Try to describe a homecoming mum to someone from another state, and you might get a blank stare, like you’re trying to explain snow to someone who’s never seen it. Although, the NCAA credits the University of Missouri as the birthplace of the homecoming game, it was bigger-than-life Texans who took the mum to the colossal level we know. For almost 100 years, only Texas girls wore homecoming mums, but copycats in Oklahoma and Louisiana have recently been seen wearing them, according to the mumshop.com. Still, Texans do it up bigger.

“Even though homecoming mums have cropped up in other states, like most things, they are still bigger in Texas,” the website says. Just ask James McAlister of Flowers Etc.

“Some of the mums are small, and some of them are huge,” he said, “but one of the biggest changes in the homecoming mums over the years is we don’t use fresh flowers anymore. They’re silk now. We used to get those huge chrysanthemums from California, but they’re expensive to grow, and it takes a lot of babysitting them to get the plants to produce the big blooms. Also, the girls like to keep their mums, and the silk ones hold up forever.”

But one thing hasn’t changed over the decades, McAlister said: the boys still drag their feet about ordering the mums.

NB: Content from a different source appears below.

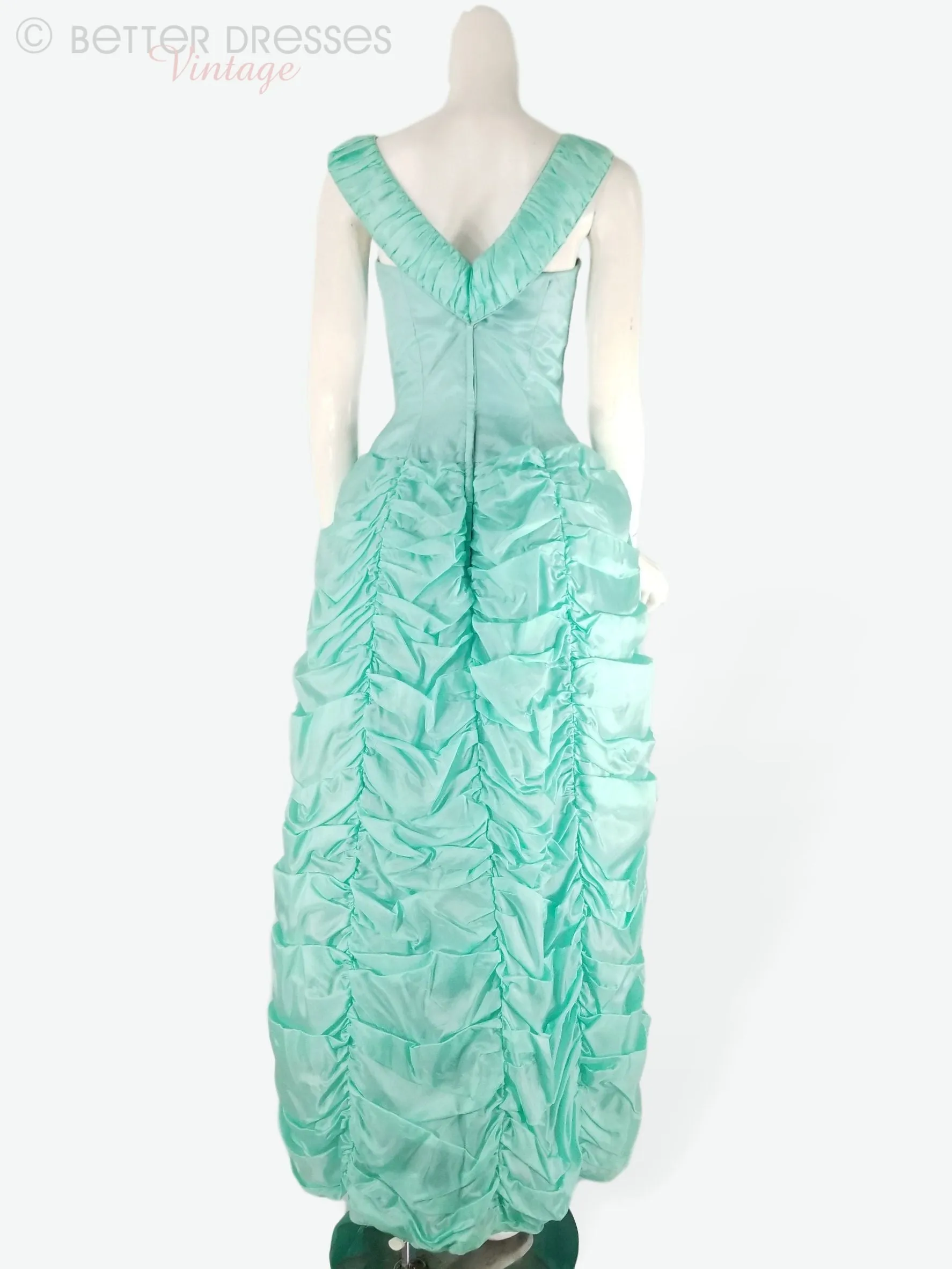 60s Gown in Aqua by Mike Benet Formals - xs, sm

“We get frantic mothers coming in at the last minute to place an order because their sons told them the night before homecoming they need mums,” McAlister said. “It’s been that way for all the years I’ve been doing this.”

Homecoming1
Fowers Etc. employees Tootsie Marquiz, left, and Bodie Hugg show off some of the homecoming mums created for customers.

McAlister said the Dumas flower shops used to create every mum pinned to the girls’ dresses, but many people now fashion their own, embellishing them with dozens of charms, trinkets, cowbells, lights, stuffed animals and even music, such as the school’s fight song.

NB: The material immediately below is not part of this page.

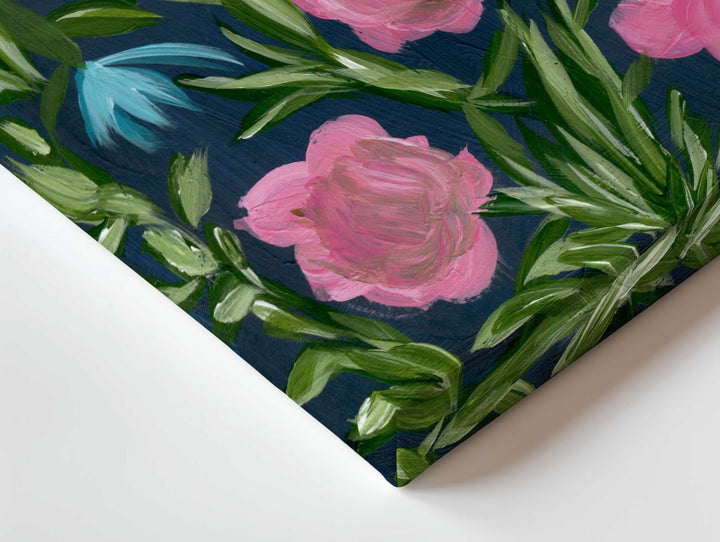 Meadow Midnight Waltz No. 3 - Floral Wall Art Print and Canvas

McAlister remembers one year in the late 1970s, the shop he was working in made over 400 homecoming mums, but this year he and his staff made about 200. Craft stores sell all the adornments, and imaginative mothers and their daughters fashion mums ranging in length from about 12 inches to some that drag the ground.

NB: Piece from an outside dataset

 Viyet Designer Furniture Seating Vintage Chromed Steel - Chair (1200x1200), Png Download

“Years past, when the Centuryettes and the Clubettes sold the mums, they were a pretty standard size, but now they’re all over the place,” McAlister said.

Another thing that’s different from decades past is that boys now wear their version of the mum: the garter.

“We make as many garters for the boys as we do mums for the girls,” McAlister said. “The girls come in early and put their orders in, but like I was saying, the boys wait until the last minute.”

On Thursday, a young man from Fritch picked up a mum for a friend who had frantically ordered it at the last minute. McAlister was out of some of the Fritch trinkets and ribbons, but his creativity kicked in, and he invented some.

“I’ve had people call me at 8 p.m.,” McAlister said. “If I’m in the shop, I’ll answer the phone.”

Homecoming2
James McAlister of Flowers Etc. holds up a mum made for a Fritch customer. The store made mums for Dumas, Sunray and Fritch.

Flowers Etc. created homecoming mums for Dumas, Sunray and Fritch. Dozens of them were still hanging in the store Thursday, waiting to be picked up. The store’s front door would barely close before another customer walked in.

“We really don’t make money on the mums because they’re so labor intensive,” McAlister said. “But it’s always fun to make them and to be a part of homecoming. We like the energy.”

The change in the size of the mums and the use of silk flowers instead of fresh ones hasn’t diminished the homecoming tradition. During the game, the stadium’s stands will be full of flowing ribbons and jingling charms, pinned to girls with faces as excited as their mothers and grandmothers were when they wore theirs.

“It’s a great tradition,” McAlister said. “ The size of the mums, and the things we put on them has changed since I’ve been in the floral business, but the excitement of homecoming stays the same.”